Manchmal braucht das Gehirn ein bisschen Hilfe

Schlafforscher sind der Meinung, dass es sinnvoll ist, sein Kind schon früh an Schlafhygiene zu gewöhnen. Das bedeutet, eine schöne, konfliktfreie und aufgeräumte Schlafumgebung zu schaffen und ruhige Rituale einzuführen, die aufs Schlafen hinweisen und dem Gehirn so zu verstehen geben, dass es jetzt Zeit ist, ein bisschen herunterzufahren. Der Klassiker ist hier das abendliche Bilderbuch bei Nachtlicht. Studien belegen, dass die Gehirnströme von Kindern, die vor dem Einschlafen ferngesehen haben, ganz andere Kurven zeigten als die der Kinder, die sich ein Buch angesehen haben.

Schlaf kann man begrenzt nachholen

Das individuelle Schlafbedürfnis ist bereits bei Babys sehr unterschiedlich. Das ist bei Jugendlichen nicht anders. Aber es gibt Durchschnittswerte, an denen man sich orientieren kann. "Im Alter von 16 Jahren liegt die Gesamtschlafzeit bei durchschnittlich acht Stunden, der Schlafbedarf liegt jedoch vermutlich eine Stunde höher", so Wiater.

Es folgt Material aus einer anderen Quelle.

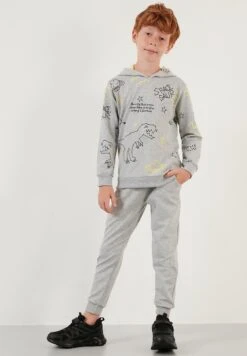 LELA Trainingspak - Light Grey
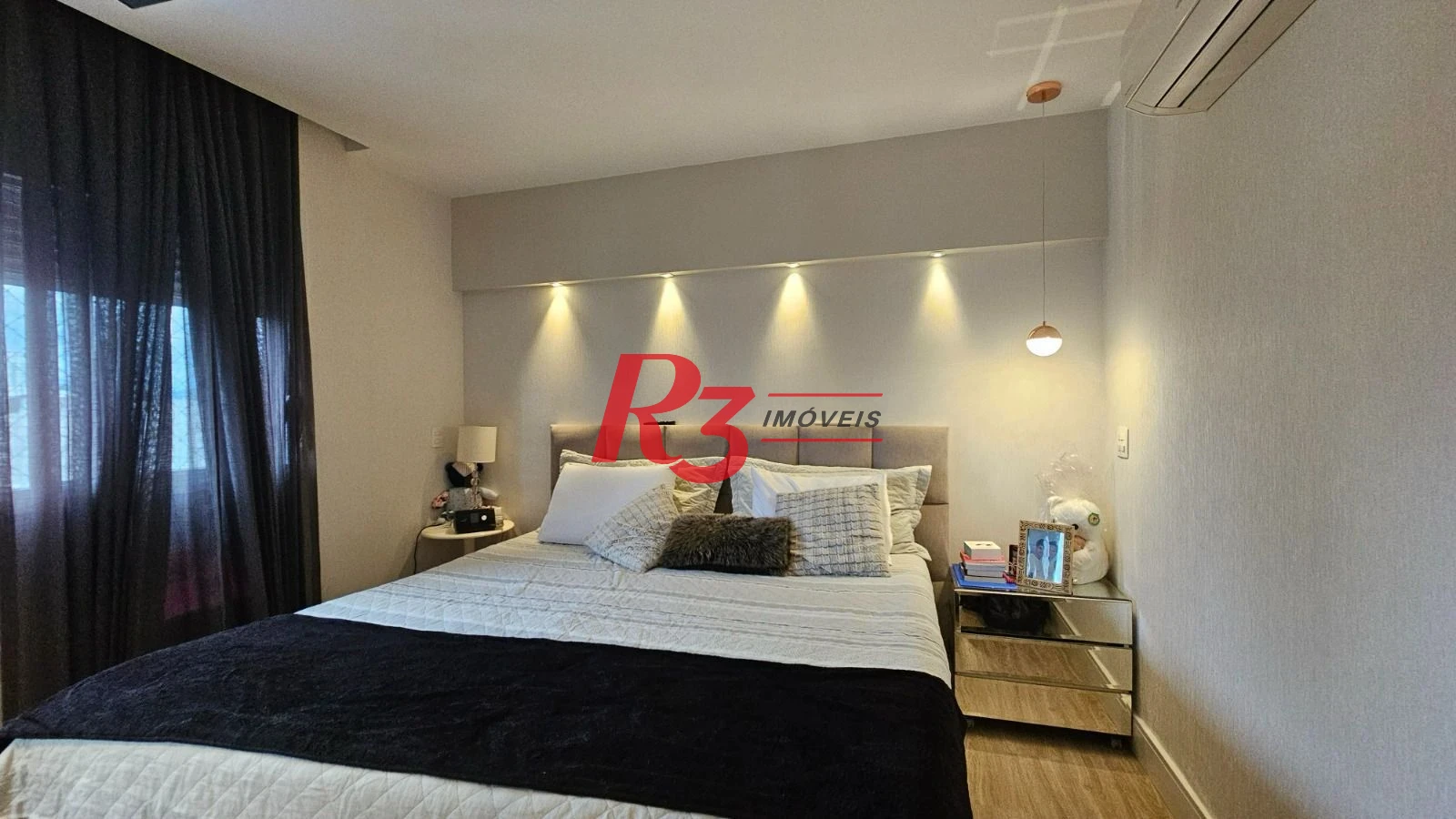 Apartamento à venda, 171 m² por R$ 2.980.000,00 - Embaré - Santos/SP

Diese fehlende Stunde will aufgeholt werden. Einige schlafen nachmittags nach der Schule ein, andere heben sich das bis zum Wochenende auf. Denn Schlaf kann man tatsächlich bis zu einem gewissen Grad nachholen: "In einem engen zeitlichen Rahmen von ein, zwei Tagen kann man vor- oder nachschlafen. Es ist aber nicht möglich, sämtliche Schlafdefizite der Woche am Wochenende auszugleichen."

Wer jedoch denkt, der Spuk sei in ein paar Jahren vorbei, der täuscht sich. Denn der Gehirnumbau dauert insgesamt rund ein Jahrzehnt, und erst mit Anfang zwanzig ändert sich das Schlafverhalten wieder. Vorausgesetzt, der junge Erwachsene gehört vom Typ her eher zu den Frühaufstehern als zu den Nachteulen.